§ DATASET EXTRACT:
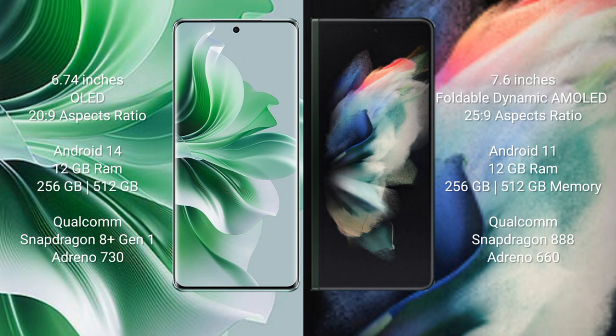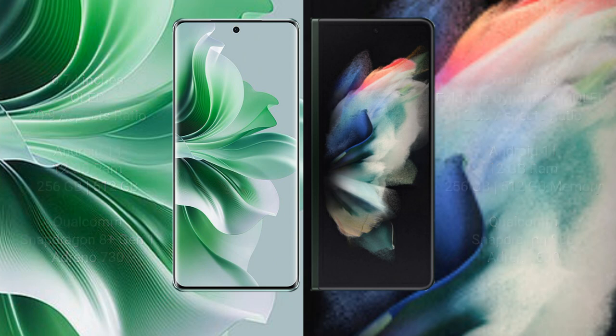Samsung Galaxy Z Fold 3 comes with 12GB RAM and 256GB/512GB internal storage, Qualcomm Snapdragon 888 processor, Adreno 660 GPU.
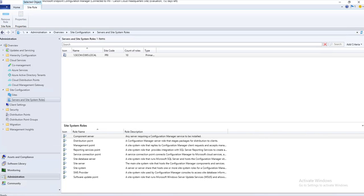Hello everyone, welcome back. This is Carson Cloud. In this video I'm going to show you how to import hotfixes or patches to SCCM. Let's get started.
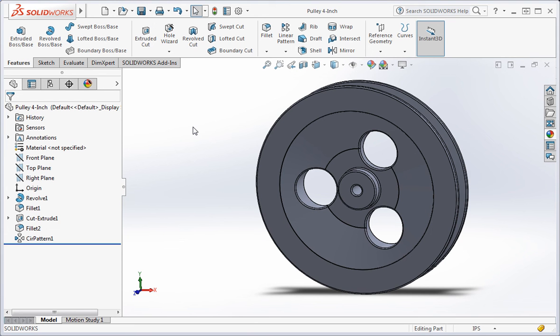We could have used other methods and commands to create the same circular pattern of holes, but which method is the best one to use? We'll talk about this in the next lesson.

§ EXERCISE DETAILS:
Now repeat exactly the lines from the one with "Hello everyone, welcome" through the end of the listing above, both included, omitting all pictures.

§ SOLVED EXERCISE:
Hello everyone, welcome back. This is Carson Cloud. In this video I'm going to show you how to import hotfixes or patches to SCCM. Let's get started.
We could have used other methods and commands to create the same circular pattern of holes, but which method is the best one to use? We'll talk about this in the next lesson.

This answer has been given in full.